TASK BRIEF —
Can you quote, word for word, every line from the first line of the records below through the line containing "2m x 25m Heavy", and nothing else?

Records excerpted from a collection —
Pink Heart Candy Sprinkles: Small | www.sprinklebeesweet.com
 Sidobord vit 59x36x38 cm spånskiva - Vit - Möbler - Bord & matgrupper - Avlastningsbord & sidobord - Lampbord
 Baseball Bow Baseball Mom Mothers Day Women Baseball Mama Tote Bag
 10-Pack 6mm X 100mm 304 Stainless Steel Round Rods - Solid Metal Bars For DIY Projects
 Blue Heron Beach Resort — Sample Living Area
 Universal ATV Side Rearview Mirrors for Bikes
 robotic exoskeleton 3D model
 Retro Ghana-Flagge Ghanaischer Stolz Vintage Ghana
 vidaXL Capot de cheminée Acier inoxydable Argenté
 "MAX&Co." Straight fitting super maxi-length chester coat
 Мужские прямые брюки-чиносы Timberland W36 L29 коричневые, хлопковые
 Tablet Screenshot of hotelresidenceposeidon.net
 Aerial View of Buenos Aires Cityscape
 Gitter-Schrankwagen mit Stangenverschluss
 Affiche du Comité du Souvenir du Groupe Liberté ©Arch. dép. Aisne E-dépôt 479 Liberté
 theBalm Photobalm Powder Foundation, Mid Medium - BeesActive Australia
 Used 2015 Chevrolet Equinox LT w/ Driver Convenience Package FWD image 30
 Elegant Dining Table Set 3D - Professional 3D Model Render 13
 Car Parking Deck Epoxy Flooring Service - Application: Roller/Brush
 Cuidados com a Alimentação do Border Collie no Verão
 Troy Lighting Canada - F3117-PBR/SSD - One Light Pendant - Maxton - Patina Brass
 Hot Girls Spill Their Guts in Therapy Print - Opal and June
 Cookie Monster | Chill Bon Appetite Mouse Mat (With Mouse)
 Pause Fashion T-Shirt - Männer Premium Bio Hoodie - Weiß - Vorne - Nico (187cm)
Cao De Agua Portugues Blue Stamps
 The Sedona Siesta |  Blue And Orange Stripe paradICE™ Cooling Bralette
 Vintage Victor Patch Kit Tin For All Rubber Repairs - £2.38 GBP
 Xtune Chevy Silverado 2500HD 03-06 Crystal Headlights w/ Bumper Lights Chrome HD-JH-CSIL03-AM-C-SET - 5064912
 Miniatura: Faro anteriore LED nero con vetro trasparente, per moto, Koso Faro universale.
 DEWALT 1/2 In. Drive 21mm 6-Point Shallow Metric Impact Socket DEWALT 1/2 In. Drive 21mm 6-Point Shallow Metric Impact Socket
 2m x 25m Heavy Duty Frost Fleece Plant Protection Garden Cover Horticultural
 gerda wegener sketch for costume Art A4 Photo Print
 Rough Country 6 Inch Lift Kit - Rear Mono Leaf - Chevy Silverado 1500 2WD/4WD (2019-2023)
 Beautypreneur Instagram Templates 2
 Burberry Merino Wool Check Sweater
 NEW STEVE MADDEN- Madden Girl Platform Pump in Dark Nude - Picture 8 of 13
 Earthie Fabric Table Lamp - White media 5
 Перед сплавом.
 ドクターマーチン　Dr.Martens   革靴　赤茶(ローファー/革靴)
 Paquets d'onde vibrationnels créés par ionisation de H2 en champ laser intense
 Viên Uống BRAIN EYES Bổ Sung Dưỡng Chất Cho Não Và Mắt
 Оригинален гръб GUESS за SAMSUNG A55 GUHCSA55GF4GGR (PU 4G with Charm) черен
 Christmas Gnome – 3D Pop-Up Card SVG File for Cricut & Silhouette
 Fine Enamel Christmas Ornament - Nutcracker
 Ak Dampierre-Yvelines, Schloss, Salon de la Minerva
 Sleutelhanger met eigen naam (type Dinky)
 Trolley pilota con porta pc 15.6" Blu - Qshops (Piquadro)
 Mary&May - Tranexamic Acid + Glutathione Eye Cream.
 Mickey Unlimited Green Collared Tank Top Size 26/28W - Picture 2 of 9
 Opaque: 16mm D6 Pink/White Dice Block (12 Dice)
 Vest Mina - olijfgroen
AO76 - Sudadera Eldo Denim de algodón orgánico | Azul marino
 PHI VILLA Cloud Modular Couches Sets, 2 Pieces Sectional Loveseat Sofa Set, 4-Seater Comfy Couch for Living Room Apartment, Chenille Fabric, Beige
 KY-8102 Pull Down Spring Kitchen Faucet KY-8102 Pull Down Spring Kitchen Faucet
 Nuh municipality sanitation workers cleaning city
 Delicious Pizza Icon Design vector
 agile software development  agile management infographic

ANSWER SPACE —
Pink Heart Candy Sprinkles: Small | www.sprinklebeesweet.com
 Sidobord vit 59x36x38 cm spånskiva - Vit - Möbler - Bord & matgrupper - Avlastningsbord & sidobord - Lampbord
 Baseball Bow Baseball Mom Mothers Day Women Baseball Mama Tote Bag
 10-Pack 6mm X 100mm 304 Stainless Steel Round Rods - Solid Metal Bars For DIY Projects
 Blue Heron Beach Resort — Sample Living Area
 Universal ATV Side Rearview Mirrors for Bikes
 robotic exoskeleton 3D model
 Retro Ghana-Flagge Ghanaischer Stolz Vintage Ghana
 vidaXL Capot de cheminée Acier inoxydable Argenté
 "MAX&Co." Straight fitting super maxi-length chester coat
 Мужские прямые брюки-чиносы Timberland W36 L29 коричневые, хлопковые
 Tablet Screenshot of hotelresidenceposeidon.net
 Aerial View of Buenos Aires Cityscape
 Gitter-Schrankwagen mit Stangenverschluss
 Affiche du Comité du Souvenir du Groupe Liberté ©Arch. dép. Aisne E-dépôt 479 Liberté
 theBalm Photobalm Powder Foundation, Mid Medium - BeesActive Australia
 Used 2015 Chevrolet Equinox LT w/ Driver Convenience Package FWD image 30
 Elegant Dining Table Set 3D - Professional 3D Model Render 13
 Car Parking Deck Epoxy Flooring Service - Application: Roller/Brush
 Cuidados com a Alimentação do Border Collie no Verão
 Troy Lighting Canada - F3117-PBR/SSD - One Light Pendant - Maxton - Patina Brass
 Hot Girls Spill Their Guts in Therapy Print - Opal and June
 Cookie Monster | Chill Bon Appetite Mouse Mat (With Mouse)
 Pause Fashion T-Shirt - Männer Premium Bio Hoodie - Weiß - Vorne - Nico (187cm)
Cao De Agua Portugues Blue Stamps
 The Sedona Siesta |  Blue And Orange Stripe paradICE™ Cooling Bralette
 Vintage Victor Patch Kit Tin For All Rubber Repairs - £2.38 GBP
 Xtune Chevy Silverado 2500HD 03-06 Crystal Headlights w/ Bumper Lights Chrome HD-JH-CSIL03-AM-C-SET - 5064912
 Miniatura: Faro anteriore LED nero con vetro trasparente, per moto, Koso Faro universale.
 DEWALT 1/2 In. Drive 21mm 6-Point Shallow Metric Impact Socket DEWALT 1/2 In. Drive 21mm 6-Point Shallow Metric Impact Socket
 2m x 25m Heavy Duty Frost Fleece Plant Protection Garden Cover Horticultural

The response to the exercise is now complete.